In 1643, during the siege of Nantwich, Burghall says that his goods were seized and himself driven from his home by Colonel Marrow; he thereupon went to Haslington in Cheshire, "where he had a call", and tarried there from 1 May 1644 until 1646. In the latter year he became vicar of Acton, taking the place of Hunt, who was sequestered.

In company with fifty-eight Cheshire ministers he signed the attestation to the Solemn League and Covenant in 1648. In this document his name is spelt Burghah, and by Calamy Burgal. In 1658 he preached and published a sermon at the dedication of the free school at Acton. From the year 1655 he complains that he was much molested by the Quakers, and speaks of their opinions with great asperity.

After the Restoration, when the Act of Uniformity 1662 was passed, Burghall was one of the victims of the Great Ejection. After preaching farewell sermons at his churches of Wrenbury and Acton, he was on 3 October 1662 suspended from the vicarage of Acton, and on the 28 October his successor Kirks was appointed.

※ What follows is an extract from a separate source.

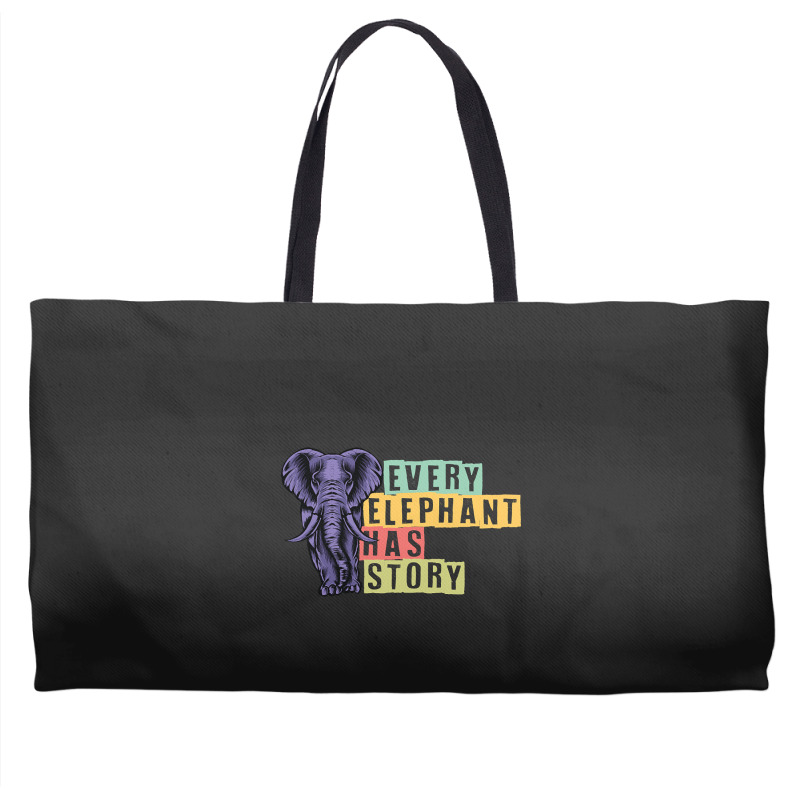 Hot Trend Every Elephant Has Story Elephant Lover Weekender Totes | Artistshot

The diary ends in the year 1663, when expelled from the vicarage he was reduced to poverty; the last note in the diary complains that he was defrauded of his right to the tithes. A school was formed by public subscription for his maintenance. Burghall died 8 December 1665, steadfast in his religious faith.

==Diary==
His diary was left in manuscript. It was printed in 1778 in an anonymous History of Cheshire, in two vols., which incorporated King's Vale Royal with this and similar narratives. It is more accessible in Barlow’s Cheshire (1855). Its title is Providence improved and it begins with the year 1628. Before the civil war the entries only record what the author regarded as the special interventions of Providence in the neighbourhood of Bunbury. In the year 1641 Burghall first notices political events, and afterwards gives a very detailed account of the military operations in Cheshire. The reason was that Lord Byron took his church at Acton and made it a basis of operations for the siege of Nantwich. The narrative throws additional light on some disputed points in the history of the war. Barlow in one of his notes to the diary (many of these notes, he says, were furnished by Mr. Aspland) states that Burghall married a sister of John Bruen, but he does not give any authority for the statement; and all the marriages of Bruen's sisters are shown in George Ormerod's pedigree of the Bruen family.